Weinrich liked the set so much he wanted to hire the group.
“You guys, are we a band?” Weinrich asked at the end of the night. That’s how Shad Lads got off the ground.
But they weren’t called that yet. When they were asked to play a benefit for Possibility Playground in Port, they needed a name for the brochure.
Band member Dennis Schmitz came to practice with the name. Schmitz’s older brother Dave was in a band called Shad Lads in Port during the 1960s — one of three bands in the city and Wildhagen knew players in all of them — and he said they could use it.
One Shad Lads member was thrilled.
“Great, now I’ll get royalties,” Wildhagen’s friend Ray Freese said.
Every several months, Wildhagen makes sure to mail him a check for $2 and change.
“Never more than $3,” he said.
Shad Lads runs a busy schedule with 30 to 40 shows per year. Some are private or company parties and some are public events and festivals.
Members have all been playing music since they were teens and hail from the area. Gary Haseley of Port plays keyboard and sings, Rob Chalifoux of West Bend plays rhythm guitar and sings, Brian Saaben of Germantown plays bass and sings and Schmitz of Belgium plays lead guitar and sings.

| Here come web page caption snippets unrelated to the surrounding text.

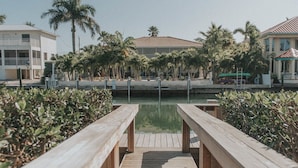 A wooden boardwalk leading to a calm water body, surrounded by palm trees and buildings with a Mediterranean architectural style. - Modern Island Luxury | 4 En-Suite Masters, 6 BA, Pool, Dock & Outdoor Oasis (Key Colony Beach)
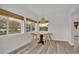 Bright dining area with wood flooring, a charming pendant light, and scenic water view at 827 Sikes Blvd, Lakeland, FL 33815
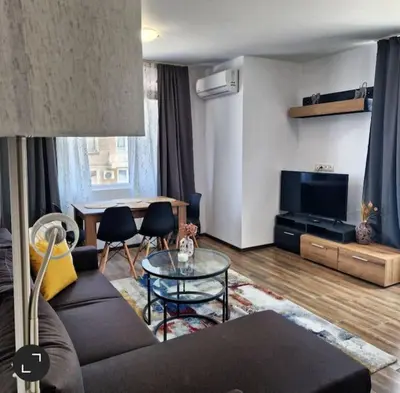 a living room with a couch and a table at Aпартамент-София/ Newhome lux apartment in Sofia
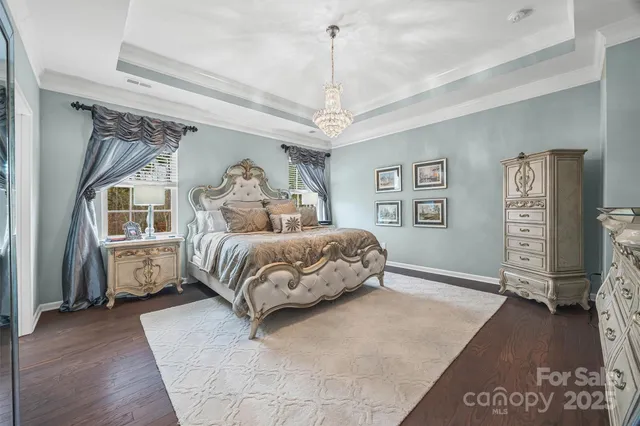 a bedroom with a large bed and a chandelier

Wildhagen is the only member not on vocals.
“They don’t let me sing. I’ve been trying to get the bandmates to let me sing, but they won’t. It’s a short conversation,” he said.
That doesn’t dampen his love of performing.
“At this age, you have to have the passion,” he said.
Wildhagen’s passion started when he was a teen growing up in a typical two-story house on Moore Road in Port. His friends Jerry Lauters and Mike Schreiner each had drum sets.
“I got attached to the drum set,” Wildhagen said. “It was fun to hang out with them, but it was more fun to play on their kits.”
At 15, Wildhagen’s father bought him a drum set “and that was it,” he said.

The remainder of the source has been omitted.